======== Working data

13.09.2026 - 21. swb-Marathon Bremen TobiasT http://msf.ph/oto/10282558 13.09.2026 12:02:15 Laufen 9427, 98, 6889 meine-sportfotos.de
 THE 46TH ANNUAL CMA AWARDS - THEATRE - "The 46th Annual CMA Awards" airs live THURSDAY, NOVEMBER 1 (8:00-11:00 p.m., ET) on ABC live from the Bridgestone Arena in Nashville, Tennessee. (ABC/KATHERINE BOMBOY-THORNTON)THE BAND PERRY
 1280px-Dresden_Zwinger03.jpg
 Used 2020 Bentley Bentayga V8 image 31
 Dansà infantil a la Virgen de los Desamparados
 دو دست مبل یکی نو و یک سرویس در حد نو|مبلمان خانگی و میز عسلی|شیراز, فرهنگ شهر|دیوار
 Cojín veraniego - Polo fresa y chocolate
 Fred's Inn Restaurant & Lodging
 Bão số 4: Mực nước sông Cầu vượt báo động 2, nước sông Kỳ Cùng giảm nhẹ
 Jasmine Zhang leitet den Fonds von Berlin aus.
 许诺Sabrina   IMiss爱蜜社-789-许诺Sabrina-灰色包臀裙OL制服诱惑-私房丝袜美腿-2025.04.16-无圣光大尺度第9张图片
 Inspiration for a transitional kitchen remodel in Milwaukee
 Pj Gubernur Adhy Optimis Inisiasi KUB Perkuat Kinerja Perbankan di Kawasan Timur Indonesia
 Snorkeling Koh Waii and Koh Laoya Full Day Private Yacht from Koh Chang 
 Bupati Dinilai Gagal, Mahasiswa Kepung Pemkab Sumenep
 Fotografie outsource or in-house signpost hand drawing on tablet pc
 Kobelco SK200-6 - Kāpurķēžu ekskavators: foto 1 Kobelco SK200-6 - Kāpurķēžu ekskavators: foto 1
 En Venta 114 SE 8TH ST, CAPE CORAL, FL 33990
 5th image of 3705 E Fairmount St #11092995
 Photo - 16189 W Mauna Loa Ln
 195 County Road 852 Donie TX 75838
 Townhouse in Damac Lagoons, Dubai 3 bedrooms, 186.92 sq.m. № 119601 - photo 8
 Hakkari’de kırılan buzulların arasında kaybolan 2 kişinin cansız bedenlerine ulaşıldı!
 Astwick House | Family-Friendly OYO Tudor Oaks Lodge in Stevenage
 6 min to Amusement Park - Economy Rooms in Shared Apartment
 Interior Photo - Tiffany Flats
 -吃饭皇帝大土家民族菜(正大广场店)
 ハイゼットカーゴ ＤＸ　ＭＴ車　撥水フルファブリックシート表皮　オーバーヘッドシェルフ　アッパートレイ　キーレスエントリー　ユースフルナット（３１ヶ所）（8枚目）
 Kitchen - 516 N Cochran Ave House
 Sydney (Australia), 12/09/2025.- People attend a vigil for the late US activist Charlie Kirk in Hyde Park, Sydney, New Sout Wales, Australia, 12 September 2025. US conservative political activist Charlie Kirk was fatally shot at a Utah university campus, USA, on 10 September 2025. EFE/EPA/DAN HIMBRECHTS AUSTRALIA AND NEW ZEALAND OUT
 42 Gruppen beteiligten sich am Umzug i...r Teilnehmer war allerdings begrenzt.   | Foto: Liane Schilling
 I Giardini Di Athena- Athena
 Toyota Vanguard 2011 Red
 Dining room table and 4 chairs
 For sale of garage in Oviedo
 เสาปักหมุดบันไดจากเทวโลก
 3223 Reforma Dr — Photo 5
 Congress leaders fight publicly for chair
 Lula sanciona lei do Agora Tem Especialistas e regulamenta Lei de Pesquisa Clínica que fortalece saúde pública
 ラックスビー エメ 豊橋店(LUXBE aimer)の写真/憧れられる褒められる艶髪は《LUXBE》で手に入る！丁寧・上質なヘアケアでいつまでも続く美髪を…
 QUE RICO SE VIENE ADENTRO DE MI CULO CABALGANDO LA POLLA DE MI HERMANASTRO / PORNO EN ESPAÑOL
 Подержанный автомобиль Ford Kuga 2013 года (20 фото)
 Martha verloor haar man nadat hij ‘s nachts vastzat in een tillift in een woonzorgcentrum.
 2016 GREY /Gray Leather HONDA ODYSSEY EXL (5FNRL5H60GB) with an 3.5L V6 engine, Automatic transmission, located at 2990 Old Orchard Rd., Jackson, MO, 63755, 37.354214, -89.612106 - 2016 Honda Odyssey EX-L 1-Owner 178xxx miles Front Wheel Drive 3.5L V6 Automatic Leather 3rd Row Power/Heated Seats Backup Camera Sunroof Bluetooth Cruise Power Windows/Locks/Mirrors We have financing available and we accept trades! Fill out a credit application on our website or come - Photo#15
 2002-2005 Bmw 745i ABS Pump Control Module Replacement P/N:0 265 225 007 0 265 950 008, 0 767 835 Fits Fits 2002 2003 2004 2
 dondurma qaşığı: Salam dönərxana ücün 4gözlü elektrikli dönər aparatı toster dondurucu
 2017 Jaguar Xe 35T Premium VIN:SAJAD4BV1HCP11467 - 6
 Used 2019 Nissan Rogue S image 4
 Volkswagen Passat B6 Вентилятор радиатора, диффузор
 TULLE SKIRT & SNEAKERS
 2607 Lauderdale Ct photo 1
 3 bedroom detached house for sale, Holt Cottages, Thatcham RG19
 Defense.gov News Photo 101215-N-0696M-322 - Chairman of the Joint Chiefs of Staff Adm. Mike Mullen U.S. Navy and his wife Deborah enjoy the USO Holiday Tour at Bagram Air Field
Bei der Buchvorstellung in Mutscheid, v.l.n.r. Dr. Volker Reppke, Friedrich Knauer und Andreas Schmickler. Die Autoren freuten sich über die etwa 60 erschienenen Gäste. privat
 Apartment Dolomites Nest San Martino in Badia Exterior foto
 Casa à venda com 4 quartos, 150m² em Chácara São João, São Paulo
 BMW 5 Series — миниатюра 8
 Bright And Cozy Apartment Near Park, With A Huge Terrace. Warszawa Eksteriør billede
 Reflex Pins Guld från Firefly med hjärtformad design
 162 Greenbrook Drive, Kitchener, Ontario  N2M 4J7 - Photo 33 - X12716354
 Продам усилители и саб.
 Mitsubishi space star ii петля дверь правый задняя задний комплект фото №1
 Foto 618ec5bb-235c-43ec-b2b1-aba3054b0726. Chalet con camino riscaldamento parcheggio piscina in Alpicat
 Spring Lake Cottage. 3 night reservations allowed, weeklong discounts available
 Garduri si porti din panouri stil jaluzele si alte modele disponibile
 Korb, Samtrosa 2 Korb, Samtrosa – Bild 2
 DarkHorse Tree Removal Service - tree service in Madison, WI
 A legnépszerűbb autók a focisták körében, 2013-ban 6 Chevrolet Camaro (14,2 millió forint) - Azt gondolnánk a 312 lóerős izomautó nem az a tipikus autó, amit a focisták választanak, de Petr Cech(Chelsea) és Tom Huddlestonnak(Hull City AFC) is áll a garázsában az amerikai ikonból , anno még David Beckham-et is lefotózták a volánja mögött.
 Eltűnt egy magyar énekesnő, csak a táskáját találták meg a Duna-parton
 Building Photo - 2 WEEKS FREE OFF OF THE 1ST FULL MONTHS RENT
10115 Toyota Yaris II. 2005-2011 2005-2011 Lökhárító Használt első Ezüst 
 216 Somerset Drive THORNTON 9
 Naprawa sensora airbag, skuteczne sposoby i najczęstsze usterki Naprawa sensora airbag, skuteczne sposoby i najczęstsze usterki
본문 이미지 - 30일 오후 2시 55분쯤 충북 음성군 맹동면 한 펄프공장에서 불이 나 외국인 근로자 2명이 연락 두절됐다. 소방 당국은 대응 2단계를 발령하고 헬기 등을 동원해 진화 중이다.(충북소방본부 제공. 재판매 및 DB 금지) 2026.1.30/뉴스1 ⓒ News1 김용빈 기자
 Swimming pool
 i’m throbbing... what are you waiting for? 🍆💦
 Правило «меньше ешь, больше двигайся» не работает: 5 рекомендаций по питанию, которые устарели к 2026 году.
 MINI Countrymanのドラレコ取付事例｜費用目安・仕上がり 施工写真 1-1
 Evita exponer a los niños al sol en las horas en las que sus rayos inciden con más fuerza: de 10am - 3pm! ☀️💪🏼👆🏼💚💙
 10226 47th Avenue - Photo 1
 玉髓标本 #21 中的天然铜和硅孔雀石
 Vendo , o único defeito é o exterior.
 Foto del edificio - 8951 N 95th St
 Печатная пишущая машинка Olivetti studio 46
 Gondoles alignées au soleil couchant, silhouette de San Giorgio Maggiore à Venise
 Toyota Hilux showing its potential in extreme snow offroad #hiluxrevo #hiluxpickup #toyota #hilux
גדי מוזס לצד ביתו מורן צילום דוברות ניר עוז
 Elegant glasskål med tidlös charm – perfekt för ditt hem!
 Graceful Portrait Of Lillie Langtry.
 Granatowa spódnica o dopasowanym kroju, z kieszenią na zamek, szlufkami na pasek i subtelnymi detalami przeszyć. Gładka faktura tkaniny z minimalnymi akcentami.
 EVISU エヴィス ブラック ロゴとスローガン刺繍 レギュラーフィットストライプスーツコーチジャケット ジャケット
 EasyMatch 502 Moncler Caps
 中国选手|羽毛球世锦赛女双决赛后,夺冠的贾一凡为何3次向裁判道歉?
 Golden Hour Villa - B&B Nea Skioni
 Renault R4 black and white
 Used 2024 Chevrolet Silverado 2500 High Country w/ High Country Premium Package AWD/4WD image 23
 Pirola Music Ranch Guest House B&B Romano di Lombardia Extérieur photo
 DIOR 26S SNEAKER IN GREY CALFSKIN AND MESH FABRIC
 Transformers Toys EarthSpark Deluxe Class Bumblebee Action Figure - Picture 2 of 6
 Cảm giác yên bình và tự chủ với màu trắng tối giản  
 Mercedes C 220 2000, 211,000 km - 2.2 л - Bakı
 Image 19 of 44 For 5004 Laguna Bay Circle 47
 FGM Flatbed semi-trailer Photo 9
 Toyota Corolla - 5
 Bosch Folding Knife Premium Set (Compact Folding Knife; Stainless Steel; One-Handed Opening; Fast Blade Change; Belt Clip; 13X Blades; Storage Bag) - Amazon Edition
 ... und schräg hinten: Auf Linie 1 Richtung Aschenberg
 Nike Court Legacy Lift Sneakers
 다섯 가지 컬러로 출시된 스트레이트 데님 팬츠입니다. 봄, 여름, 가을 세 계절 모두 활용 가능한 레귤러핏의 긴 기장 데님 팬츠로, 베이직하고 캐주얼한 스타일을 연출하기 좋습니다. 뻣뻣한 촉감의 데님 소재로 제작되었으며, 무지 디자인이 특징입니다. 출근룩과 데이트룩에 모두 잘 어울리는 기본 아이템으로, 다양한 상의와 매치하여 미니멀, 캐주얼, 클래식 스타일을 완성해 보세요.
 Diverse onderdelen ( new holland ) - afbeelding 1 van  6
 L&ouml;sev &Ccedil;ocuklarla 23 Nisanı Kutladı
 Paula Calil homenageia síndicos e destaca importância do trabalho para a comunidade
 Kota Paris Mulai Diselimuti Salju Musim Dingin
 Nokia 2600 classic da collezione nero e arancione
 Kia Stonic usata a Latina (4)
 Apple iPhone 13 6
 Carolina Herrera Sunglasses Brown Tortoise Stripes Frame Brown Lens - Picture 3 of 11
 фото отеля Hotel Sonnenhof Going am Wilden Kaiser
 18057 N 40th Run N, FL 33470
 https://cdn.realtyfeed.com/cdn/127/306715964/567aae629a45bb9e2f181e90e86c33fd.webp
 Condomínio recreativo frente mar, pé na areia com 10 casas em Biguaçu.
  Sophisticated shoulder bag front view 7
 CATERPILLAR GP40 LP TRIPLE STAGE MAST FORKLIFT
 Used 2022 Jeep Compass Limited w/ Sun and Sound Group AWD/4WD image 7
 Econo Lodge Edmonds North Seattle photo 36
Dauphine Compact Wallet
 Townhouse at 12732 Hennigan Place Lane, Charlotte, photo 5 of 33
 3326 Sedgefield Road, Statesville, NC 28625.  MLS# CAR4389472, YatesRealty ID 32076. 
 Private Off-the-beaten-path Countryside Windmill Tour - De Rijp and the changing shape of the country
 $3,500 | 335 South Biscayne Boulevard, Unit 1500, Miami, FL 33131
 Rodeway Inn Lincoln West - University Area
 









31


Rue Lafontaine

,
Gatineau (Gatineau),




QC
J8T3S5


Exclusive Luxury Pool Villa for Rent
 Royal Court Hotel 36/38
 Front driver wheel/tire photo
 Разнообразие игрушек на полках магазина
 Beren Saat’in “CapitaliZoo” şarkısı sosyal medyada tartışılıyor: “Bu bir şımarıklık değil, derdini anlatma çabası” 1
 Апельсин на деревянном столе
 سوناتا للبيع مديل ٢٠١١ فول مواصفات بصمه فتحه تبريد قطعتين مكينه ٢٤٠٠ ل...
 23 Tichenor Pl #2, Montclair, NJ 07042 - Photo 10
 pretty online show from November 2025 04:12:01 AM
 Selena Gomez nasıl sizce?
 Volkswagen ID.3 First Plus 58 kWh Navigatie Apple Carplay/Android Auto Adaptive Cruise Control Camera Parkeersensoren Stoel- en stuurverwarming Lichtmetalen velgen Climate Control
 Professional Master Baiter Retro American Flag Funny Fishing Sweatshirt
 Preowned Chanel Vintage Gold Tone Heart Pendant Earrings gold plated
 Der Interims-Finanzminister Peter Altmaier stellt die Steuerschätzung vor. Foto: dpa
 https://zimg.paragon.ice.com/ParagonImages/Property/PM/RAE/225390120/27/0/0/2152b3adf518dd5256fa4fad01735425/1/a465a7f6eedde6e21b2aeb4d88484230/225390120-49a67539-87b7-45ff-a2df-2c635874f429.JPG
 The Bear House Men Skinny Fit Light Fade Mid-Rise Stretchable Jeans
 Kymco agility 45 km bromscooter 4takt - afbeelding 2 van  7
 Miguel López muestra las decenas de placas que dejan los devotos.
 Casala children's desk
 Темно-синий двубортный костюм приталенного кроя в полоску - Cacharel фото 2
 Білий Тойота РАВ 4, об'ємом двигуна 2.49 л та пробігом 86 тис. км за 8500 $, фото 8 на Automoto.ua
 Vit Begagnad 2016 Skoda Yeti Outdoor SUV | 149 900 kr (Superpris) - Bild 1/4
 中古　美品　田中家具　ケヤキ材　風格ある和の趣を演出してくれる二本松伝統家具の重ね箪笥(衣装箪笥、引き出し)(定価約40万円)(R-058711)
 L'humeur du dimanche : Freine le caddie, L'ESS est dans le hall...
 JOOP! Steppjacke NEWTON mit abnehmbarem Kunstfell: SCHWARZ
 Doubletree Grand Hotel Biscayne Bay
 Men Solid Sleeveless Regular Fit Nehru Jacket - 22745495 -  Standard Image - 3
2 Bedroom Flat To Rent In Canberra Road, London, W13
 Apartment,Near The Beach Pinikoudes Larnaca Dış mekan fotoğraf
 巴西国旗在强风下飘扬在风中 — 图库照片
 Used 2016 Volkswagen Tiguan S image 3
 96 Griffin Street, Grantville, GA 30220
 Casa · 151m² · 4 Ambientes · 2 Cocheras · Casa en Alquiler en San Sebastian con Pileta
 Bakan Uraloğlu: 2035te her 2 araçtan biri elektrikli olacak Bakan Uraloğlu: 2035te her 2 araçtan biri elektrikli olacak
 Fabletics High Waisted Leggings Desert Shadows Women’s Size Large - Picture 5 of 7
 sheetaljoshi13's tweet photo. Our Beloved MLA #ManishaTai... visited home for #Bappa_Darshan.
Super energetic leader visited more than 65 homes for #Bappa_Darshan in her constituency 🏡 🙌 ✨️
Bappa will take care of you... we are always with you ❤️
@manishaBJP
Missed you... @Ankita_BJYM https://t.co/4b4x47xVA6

================

§ Work instructions
All that is wanted is the stretch of lines above from the one containing "Kia Stonic usata a Latina (4)" through the one containing "18057 N 40th Run N, FL 33470", duplicated exactly.

§ Output
 Kia Stonic usata a Latina (4)
 Apple iPhone 13 6
 Carolina Herrera Sunglasses Brown Tortoise Stripes Frame Brown Lens - Picture 3 of 11
 фото отеля Hotel Sonnenhof Going am Wilden Kaiser
 18057 N 40th Run N, FL 33470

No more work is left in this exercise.